> [TASK DESCRIPTION]
In your copy, reproduce the entries exactly as they are, minus the images.

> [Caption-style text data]
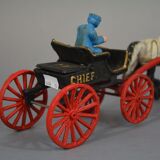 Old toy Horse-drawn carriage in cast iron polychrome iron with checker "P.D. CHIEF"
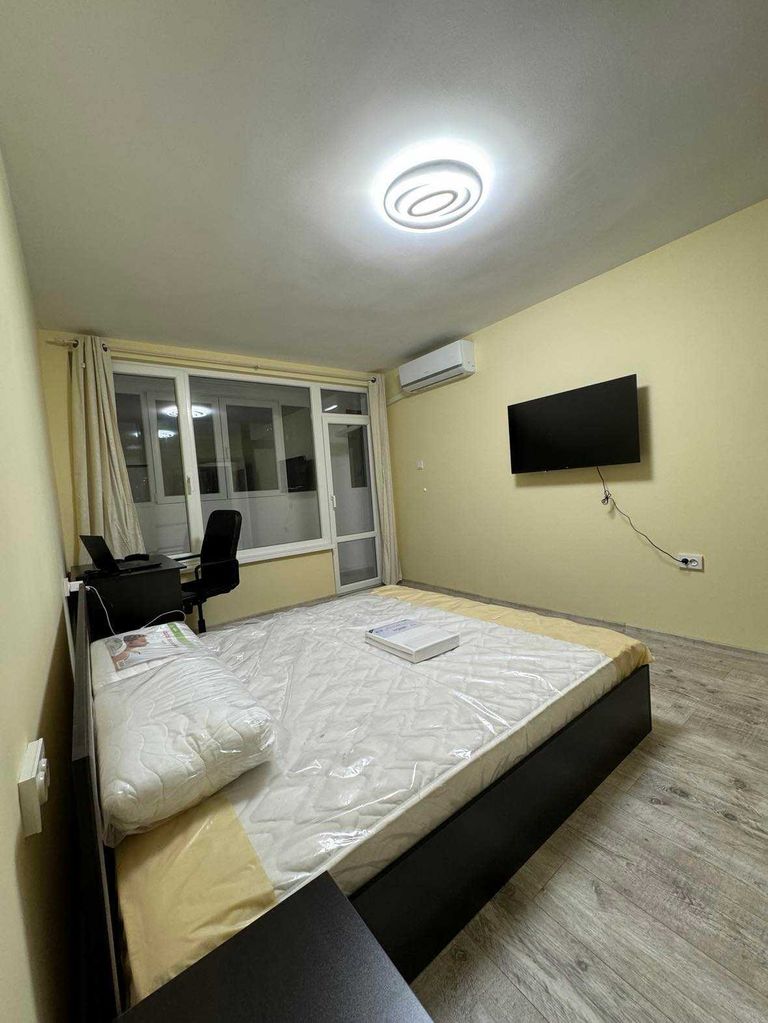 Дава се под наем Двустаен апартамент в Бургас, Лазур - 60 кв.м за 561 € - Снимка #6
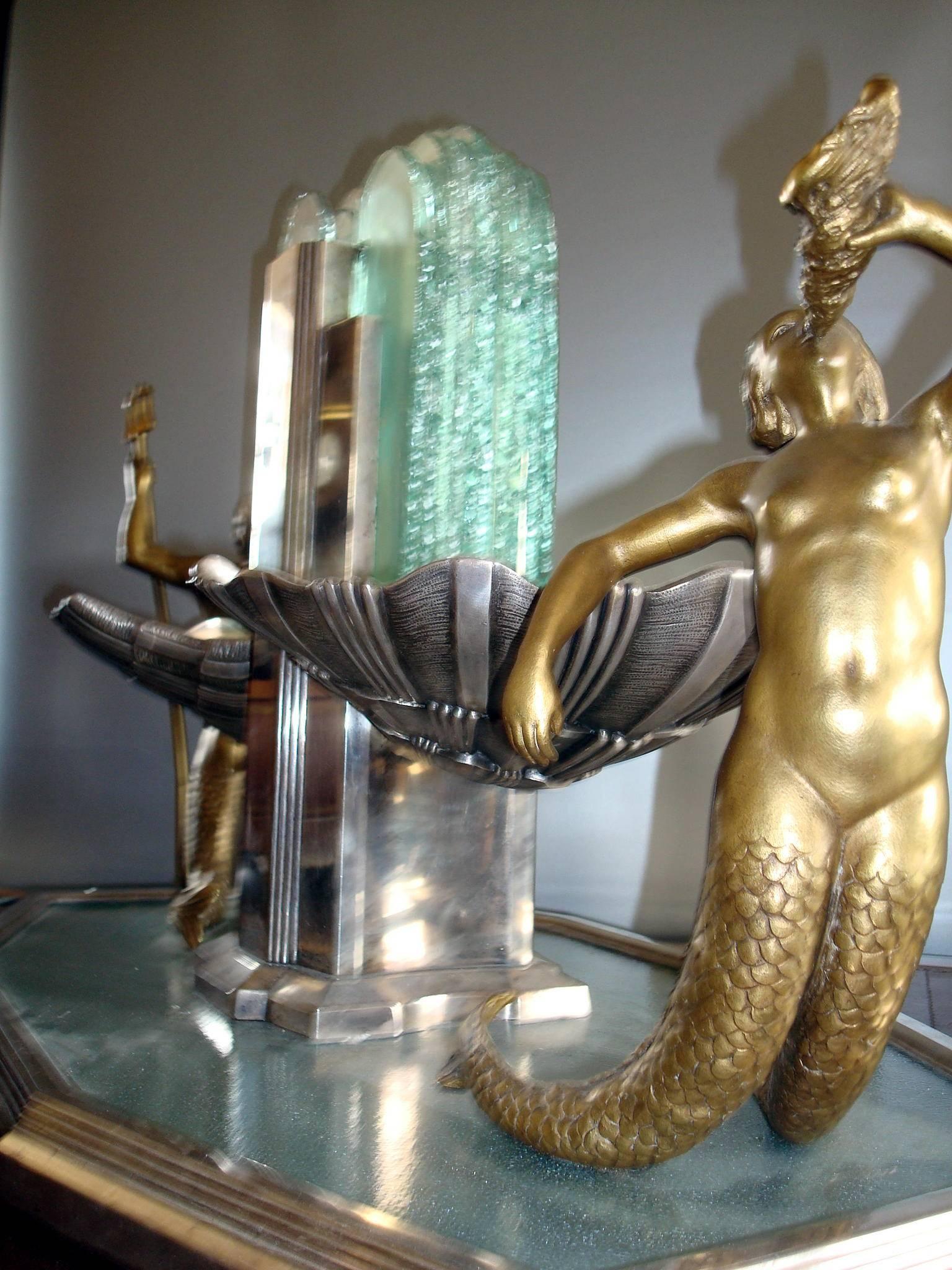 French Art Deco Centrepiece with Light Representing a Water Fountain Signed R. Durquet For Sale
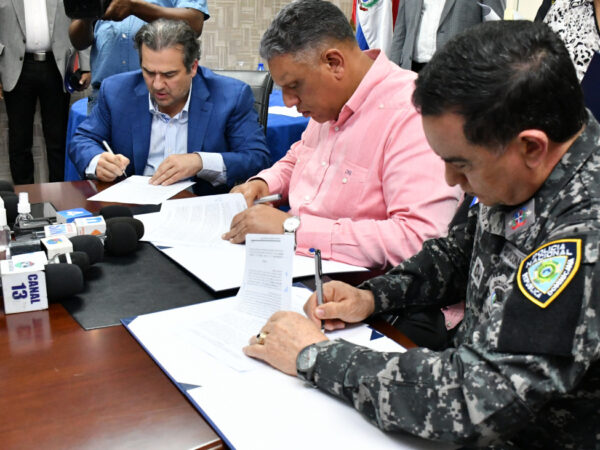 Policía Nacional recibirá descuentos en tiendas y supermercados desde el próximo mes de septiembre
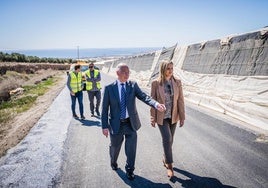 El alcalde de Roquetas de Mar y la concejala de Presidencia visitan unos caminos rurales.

> [RESPONSE BOX]
 Old toy Horse-drawn carriage in cast iron polychrome iron with checker "P.D. CHIEF"
 Дава се под наем Двустаен апартамент в Бургас, Лазур - 60 кв.м за 561 € - Снимка #6
 French Art Deco Centrepiece with Light Representing a Water Fountain Signed R. Durquet For Sale
 Policía Nacional recibirá descuentos en tiendas y supermercados desde el próximo mes de septiembre
 El alcalde de Roquetas de Mar y la concejala de Presidencia visitan unos caminos rurales.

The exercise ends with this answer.